Family Services Gets Diversity Training

AP, Apr. 29

CHEYENNE, Wyo. — Department of Family Services employees are getting training to help them better understand people of different nationalities and circumstances.

“We wanted something that would help our people think about the people we serve and what their life is like,” Director Rodger McDaniel said. “We need to be aware of how our feelings impact the way we deliver our services.”

McDaniel said the program is part of the agency’s shift of focus away from the needs of one child in a family and more on the family as a whole.

“If a child comes into our system, it is not good practice to focus on the needs of that child without focusing on the family dynamics,” he said.

The training, “Undoing Racism,” is conducted by The People’s Institute and results from the department’s partnership with Casey Family Programs.

“In Wyoming, there’s sort a sort of a sense that we don’t have a lot of racial diversity here, so it’s not a problem,” McDaniel said. “That’s not true when you look at the data.

“Considerably higher numbers of children of color fail to complete high school than Caucasian children. A disproportionate number of children of color are in out-of-home care. We need to understand why that’s happening.”

Brenden McKinney, director of Casey Family Programs here, said children are removed from black and American Indian homes at a rate four to five times higher than for white families.

Also, white children tend to remain in the state welfare system longer than minorities.

Our Anti-Racism Principles

The People’s Institute

Our Experience has shown us that organizing skills alone are not sufficient to build the kinds of coalitions necessary for a broad-based movement for social change. The People’s Institute is committed to teaching organizing skills only in the context of the following principles:

Undoing Racism

Racism is the single most critical barrier to building effective coalitions for social change.
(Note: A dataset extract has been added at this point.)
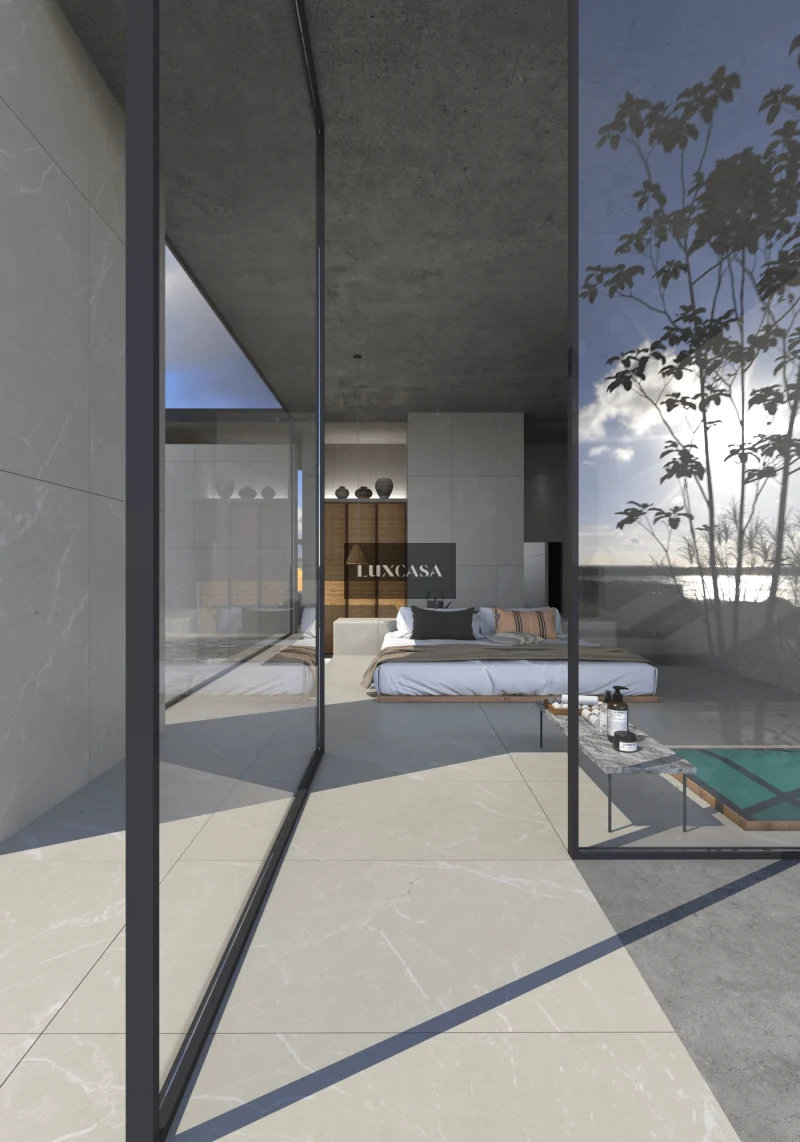 Gạch giả đá màu kem lát sân thượng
Racism has been consciously and systematically erected, and it can be undone only if people understand what it is, where it comes from, how it functions, and why it is perpetuated.

Learning from History

History is our guide to the future and a tool for effective organizing. If we fail to learn from history, we are condemned to repeat it.

Sharing Culture

Culture is the life support system of a community. If a community’s culture is respected and nurtured, the community’s power will grow.

Internal Dynamics of Leadership Development

Grassroots leadership needs to be developed intentionally and systematically within local communities.

Accountability

Accountability to the community is the key to organizing effectively and with integrity.

Networking

The growth of an effective broad-based movement for social change requires networking or “building a net that works”. As the movement develops a strong net, people are less likely to fall through.

Internalized Racial Oppression

Accepting and acting out the definition of self, given you by your oppressor, rooted in a race construct that had designated your race as the inferior race, or one of many inferior races. It is a multi generational disempowerment process manifested in many forms.

Internalized Racial Superiority

The accepting and acting out the definition of self, given you by your self, rooted in a race construct that designated your race as the superior race. It is a multi generational empowerment process that internalizes and often makes invisible to the designated superior race their white skin privilege.

Gatekeeping

Most of us who are organizers have come from the efforts that promoted “the down with the system” theory. Now many of us are the system. The position we hold is that of “gatekeeper” within institutions. The very nature of an institution is to have the position of gatekeeper to ensure that the institution perpetuates itself. When we understand our position as a gatekeeper from an anti-racist, anti-oppressive perspective and are in an accountable relationship with community, this position can serve as an important springboard from which institutional transformation can be generated.

Undoing Militarism

Militarism must be recognized as applied racism. It is the force that maintains the current imbalance of power.